Haven’t come across that one. I suspect that’s how your own system / network / proxy / tool is interacting with things but don’t know. Someone might be able to help if you posted what tool / language / environment you were using, what calls to the API you were making and details of the response. Don’t post your own API key though! e.g.
Using curl from the command line on our production server and our ‘live’ key we request to get the company profile as follows: curl -u OUR_API_KEY: ‘https://api.company-information.service.gov.uk/company/NF004299’ and get no body. Looking at the header we send / response we get back with curl -v -u OUR_API_KEY: ‘https://api.company-information.service.gov.uk/company/NF004299’ we get a 407 …
(I always recommend playing around with something really simple and interactive like curl to eliminate basic issues like incorrect API key / proxy issues / details of the language or tool you’re wanting to use etc.)

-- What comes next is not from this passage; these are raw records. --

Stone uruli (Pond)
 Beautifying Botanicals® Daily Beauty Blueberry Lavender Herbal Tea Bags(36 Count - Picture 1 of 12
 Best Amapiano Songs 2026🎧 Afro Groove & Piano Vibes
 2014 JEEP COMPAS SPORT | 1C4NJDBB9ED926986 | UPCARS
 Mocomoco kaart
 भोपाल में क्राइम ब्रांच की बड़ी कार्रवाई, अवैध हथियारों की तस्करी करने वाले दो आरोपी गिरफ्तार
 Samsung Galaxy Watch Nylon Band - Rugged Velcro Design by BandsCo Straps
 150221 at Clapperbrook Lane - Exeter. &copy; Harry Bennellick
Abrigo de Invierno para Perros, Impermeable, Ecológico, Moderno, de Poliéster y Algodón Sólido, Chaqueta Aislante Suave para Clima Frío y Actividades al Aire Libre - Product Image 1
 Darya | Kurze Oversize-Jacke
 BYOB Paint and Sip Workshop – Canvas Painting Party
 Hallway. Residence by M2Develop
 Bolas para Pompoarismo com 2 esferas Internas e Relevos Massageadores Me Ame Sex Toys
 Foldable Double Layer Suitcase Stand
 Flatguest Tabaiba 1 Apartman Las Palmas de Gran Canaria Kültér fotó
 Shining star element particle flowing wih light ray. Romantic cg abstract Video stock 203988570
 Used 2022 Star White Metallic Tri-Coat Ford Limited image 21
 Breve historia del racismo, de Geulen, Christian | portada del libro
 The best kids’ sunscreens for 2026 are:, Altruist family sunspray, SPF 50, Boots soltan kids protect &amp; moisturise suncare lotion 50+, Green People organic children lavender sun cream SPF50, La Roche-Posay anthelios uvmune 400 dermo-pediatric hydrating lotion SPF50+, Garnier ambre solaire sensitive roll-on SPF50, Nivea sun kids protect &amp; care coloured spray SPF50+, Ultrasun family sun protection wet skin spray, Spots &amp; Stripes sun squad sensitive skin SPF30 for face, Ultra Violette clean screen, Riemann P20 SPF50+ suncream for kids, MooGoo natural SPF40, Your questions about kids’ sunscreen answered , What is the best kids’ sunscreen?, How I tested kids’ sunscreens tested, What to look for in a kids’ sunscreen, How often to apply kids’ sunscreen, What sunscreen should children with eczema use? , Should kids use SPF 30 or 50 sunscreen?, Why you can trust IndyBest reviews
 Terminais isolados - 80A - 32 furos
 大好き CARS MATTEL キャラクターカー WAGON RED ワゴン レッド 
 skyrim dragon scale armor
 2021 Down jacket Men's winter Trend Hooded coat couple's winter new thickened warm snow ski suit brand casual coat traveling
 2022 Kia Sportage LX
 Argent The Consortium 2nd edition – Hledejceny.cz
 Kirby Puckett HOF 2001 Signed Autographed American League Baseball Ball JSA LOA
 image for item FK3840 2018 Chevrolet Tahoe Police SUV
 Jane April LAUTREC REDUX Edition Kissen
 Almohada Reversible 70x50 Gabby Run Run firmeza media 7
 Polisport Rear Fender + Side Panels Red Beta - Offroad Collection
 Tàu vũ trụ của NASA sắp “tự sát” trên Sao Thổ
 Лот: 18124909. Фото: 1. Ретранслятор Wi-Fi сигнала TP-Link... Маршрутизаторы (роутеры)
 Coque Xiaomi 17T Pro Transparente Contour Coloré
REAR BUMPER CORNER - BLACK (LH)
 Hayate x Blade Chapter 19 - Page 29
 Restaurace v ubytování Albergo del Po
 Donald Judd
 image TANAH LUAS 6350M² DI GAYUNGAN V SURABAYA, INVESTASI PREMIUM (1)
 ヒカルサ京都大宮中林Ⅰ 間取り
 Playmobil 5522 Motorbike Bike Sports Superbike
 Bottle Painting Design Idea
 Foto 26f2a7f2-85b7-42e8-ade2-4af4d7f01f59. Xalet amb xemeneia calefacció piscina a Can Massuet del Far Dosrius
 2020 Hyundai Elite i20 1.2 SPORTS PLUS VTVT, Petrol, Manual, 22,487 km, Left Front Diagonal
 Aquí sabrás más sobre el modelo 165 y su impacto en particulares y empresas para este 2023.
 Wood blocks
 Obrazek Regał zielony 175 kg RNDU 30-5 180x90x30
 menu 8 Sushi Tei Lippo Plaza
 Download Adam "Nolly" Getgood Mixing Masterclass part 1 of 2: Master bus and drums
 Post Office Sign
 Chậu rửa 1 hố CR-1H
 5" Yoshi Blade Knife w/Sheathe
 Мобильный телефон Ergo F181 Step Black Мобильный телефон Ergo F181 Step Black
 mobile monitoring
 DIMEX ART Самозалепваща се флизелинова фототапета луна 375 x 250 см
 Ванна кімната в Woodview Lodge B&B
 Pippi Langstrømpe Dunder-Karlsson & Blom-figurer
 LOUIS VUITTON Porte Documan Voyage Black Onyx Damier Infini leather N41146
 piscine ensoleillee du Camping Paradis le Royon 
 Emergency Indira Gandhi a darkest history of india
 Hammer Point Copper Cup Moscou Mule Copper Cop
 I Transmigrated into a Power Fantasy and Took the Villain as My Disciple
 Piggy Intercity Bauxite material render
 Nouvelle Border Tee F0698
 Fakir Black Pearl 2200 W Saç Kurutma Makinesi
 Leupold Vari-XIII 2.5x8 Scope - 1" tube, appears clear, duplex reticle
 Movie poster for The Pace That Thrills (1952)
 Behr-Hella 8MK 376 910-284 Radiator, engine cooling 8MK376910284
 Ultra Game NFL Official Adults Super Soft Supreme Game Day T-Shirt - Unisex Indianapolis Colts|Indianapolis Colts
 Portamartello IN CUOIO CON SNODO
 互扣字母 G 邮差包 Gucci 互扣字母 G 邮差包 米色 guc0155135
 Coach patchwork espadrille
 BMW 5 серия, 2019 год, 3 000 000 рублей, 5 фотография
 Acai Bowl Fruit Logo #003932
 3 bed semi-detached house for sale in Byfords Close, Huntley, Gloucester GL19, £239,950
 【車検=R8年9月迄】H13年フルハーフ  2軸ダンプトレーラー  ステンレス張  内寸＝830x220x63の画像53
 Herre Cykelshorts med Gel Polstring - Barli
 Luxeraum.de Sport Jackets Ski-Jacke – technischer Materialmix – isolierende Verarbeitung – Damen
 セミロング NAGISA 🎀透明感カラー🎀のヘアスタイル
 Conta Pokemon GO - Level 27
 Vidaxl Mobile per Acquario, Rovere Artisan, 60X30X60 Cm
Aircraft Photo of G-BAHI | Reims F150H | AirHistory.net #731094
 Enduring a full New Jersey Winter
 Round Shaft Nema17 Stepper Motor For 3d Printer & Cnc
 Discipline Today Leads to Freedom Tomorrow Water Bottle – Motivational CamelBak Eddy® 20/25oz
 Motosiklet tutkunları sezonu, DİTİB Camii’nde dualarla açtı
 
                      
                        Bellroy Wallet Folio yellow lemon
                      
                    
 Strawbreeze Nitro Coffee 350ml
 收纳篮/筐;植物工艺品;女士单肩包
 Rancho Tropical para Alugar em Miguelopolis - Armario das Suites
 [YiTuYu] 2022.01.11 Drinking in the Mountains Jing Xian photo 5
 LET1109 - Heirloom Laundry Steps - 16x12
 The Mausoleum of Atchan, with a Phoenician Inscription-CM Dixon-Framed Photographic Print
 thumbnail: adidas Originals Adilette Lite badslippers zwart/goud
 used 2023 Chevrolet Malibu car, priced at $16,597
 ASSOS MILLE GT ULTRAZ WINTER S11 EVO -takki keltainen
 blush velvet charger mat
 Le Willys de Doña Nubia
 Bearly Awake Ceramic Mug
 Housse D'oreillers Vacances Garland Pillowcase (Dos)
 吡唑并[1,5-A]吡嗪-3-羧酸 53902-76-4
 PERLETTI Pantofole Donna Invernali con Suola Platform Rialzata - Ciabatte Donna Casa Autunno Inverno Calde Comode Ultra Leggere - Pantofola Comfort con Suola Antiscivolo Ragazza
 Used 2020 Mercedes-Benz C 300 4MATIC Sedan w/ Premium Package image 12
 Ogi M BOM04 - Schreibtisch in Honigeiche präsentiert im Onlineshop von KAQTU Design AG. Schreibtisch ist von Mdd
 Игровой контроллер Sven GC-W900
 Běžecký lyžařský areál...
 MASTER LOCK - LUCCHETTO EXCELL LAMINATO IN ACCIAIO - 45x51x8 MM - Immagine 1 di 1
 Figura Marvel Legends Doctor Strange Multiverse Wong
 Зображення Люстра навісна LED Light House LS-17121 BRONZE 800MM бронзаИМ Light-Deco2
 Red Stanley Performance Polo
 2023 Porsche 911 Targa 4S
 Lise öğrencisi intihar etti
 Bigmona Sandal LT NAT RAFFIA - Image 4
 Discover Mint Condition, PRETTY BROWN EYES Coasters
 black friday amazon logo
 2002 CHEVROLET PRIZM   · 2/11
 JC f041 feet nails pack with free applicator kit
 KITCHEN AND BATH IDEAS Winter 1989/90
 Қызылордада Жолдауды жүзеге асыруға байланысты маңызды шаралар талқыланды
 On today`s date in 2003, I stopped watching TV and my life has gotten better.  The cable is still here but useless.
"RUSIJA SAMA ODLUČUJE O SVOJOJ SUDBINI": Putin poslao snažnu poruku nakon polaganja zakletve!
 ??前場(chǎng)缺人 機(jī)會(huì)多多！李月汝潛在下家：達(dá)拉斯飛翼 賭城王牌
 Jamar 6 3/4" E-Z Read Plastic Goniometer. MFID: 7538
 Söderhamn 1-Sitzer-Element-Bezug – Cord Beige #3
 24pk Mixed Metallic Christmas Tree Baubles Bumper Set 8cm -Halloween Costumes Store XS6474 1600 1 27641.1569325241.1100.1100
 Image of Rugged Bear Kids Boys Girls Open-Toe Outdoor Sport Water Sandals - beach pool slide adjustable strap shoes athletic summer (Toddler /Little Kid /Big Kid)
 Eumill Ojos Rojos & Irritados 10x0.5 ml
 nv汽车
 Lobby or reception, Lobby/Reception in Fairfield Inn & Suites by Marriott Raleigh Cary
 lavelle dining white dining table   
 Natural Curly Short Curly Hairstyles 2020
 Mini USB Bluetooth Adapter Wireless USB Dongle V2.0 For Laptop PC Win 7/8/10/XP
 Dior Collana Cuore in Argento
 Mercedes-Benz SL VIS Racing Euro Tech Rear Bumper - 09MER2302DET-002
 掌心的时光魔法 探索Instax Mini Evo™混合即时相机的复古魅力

Initially, like the XML Gateway and WebCHeck I think all filings were in PDF format only **. There are occasional older filings where no image is available at all. However if there is something I think there’s always a PDF version. Some financial filings may be available also in XBRL as mentioned. The documentation here:
https://developer-specs.company-information.service.gov.uk/document-api/resources/documentmetadata?v=latest
… says "Available content types are application/pdf
, application/json
, application/xml
, application/xhtml+xml
and text/csv
"
We’ve not yet encountered a CSV but haven’t specifically been looking for these!
I’m not aware that there’s any way of knowing in advance what will be available from the API - you get what you find. You might be able to decide where these will be available by reference to the bulk accounts data (links in my first post above) but I don’t know and that’s not something we’ve ever looked at.
** Note that the PDFs all appear to be raster images. It’s possible that newer ones (which appear to be computer-generated rather than scanned paper copies) have text data within them. However the last time I checked (years ago) they seemed to be raster. So you’d likely have to OCR if you wanted to scrape text.